---- Dataset records
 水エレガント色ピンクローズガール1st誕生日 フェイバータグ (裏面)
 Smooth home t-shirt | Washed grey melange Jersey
--------
---- Dataset records
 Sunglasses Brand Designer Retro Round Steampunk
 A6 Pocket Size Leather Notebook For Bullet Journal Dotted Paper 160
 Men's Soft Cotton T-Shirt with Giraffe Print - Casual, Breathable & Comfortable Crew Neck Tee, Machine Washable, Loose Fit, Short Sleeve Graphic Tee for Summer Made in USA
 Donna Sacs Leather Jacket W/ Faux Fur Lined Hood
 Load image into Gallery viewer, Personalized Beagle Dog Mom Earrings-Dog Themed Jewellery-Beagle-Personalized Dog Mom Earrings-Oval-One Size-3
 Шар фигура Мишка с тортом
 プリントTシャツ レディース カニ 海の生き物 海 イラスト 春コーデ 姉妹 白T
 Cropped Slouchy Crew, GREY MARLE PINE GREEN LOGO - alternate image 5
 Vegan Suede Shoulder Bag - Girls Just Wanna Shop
--------
### [The problem]
Using the listing above, gather each line that holds the string "Crew" and copy it.

### [Reply]
 Men's Soft Cotton T-Shirt with Giraffe Print - Casual, Breathable & Comfortable Crew Neck Tee, Machine Washable, Loose Fit, Short Sleeve Graphic Tee for Summer Made in USA
 Cropped Slouchy Crew, GREY MARLE PINE GREEN LOGO - alternate image 5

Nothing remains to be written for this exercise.